The Bottom Line
- Overall, carefully plotted, ambidextrous psychedelics.
- Naam's external elements lend a bizarre yet affecting touch of class.
- Cerebral sound vacuums.
- At times, a bit challenging to stick with.
- Released October 20, 2009 by Tee Pee Records.
- Debut album from Naam.
- Lineup: Ryan Lugar, John Bundy and Eli Pizzuto.
Guide Review - Naam - 'Naam'
Unpredictable psychedelic brain funk scattered throughout the 16:24 opener “Kingdom” splashes in some Ray Manzarek-ish organs and sitar swirls amidst Naam’s forlorn drapes trickling towards expected detonation. When “Kingdom” erupts from its teasing eddies, the effect is akin to having your ear canals peeled apart and introduced to a boisterous, yet orgasmic din.
Drums and tabla guiding the hypnotic “Stone Ton” gives the listener no preparation for the booming, straightforward stoner grooves of the subsequent track “Skyling Slip.” A bit chunky and slipshod in the right manner, “Skyling Slip” turns cosmic towards its closure with wispy synths on the borderline of new wave despite the overall tonal crush of the track.

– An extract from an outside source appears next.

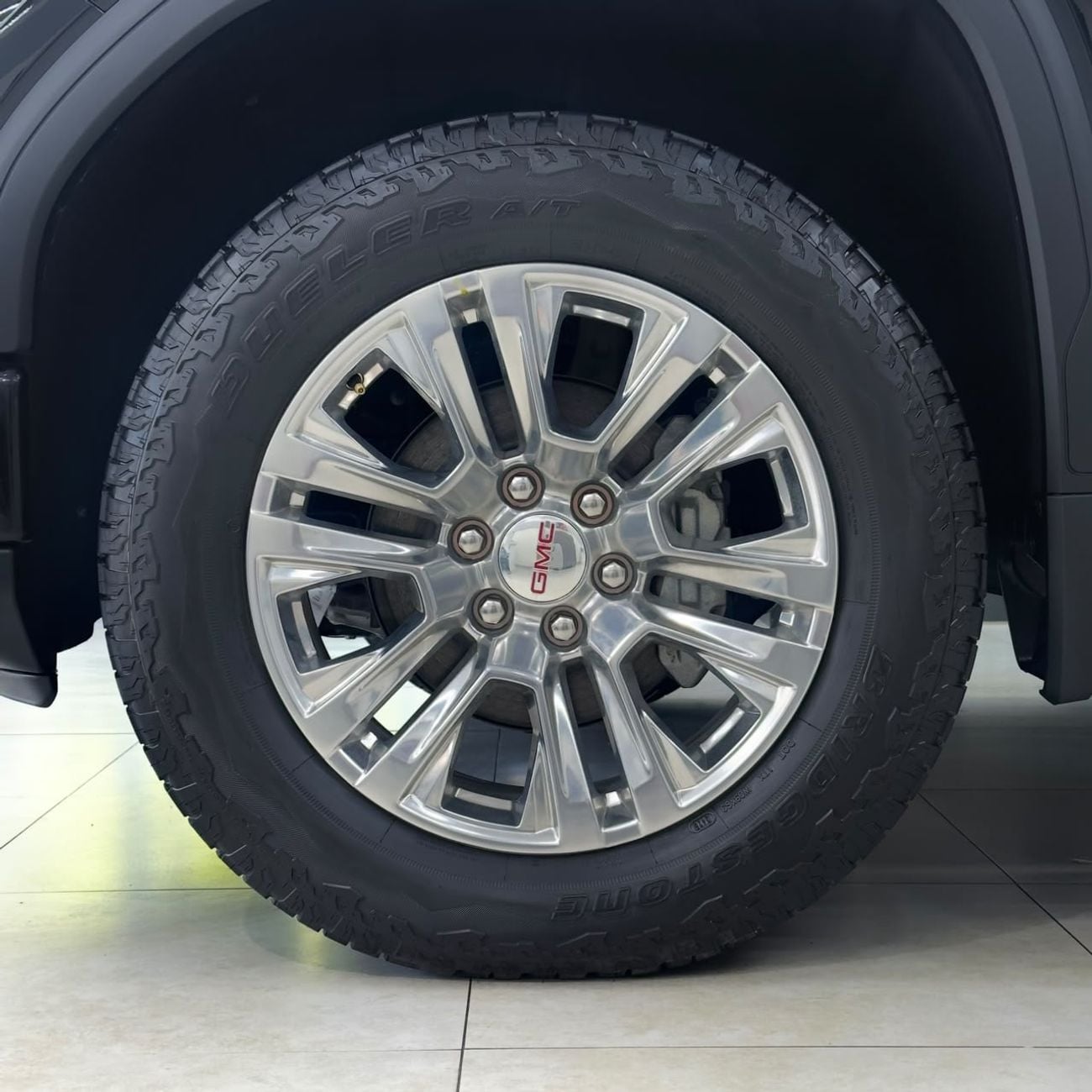 جي أم سي سييرا 1500 DENALI ULTIMATE جي إم سي سييرا دينالي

Once in awhile, this album goes on such a disruptive and unorganized tangent Naam loses their listeners as well as themselves. While “Fever if Fire” has spots of appeasing thunder and some groovy tunnel effects, it might help to light one up to fully grasp the song’s echoing pollutants, much less its jumbled, screaming vocals
On the other hand, Naam really works with spectacular methodology on “Icy Row” where the distortion opens the way for hallucinogenic delight and increases both in accordance to an agitating tempo. Though clocking in more than seven minutes, “Icy Row” is a well-constructed engine of atmospherics which feels wrapped in half the time Naam performs it.
Undoubtedly Naam is one album best appreciated after a few listens. Though it engages strongly on the first spin, the further depths of conveyances these guys expel through their wondrously strange music unravel with return visits. The organ-soaked spookiness of “Westered Wash” is plenty enough to get your head around, yet “Kingdom,” “Black Ice” and the gusty march of “Frosted Tread” unlock different chambers of your audile processing system the more you engage them.
Consider Naam a potential sleeper hit of the sludge market; they’re inventive and they have enough of a dark and vibrating space oddity about them to befuddle ground control, salud.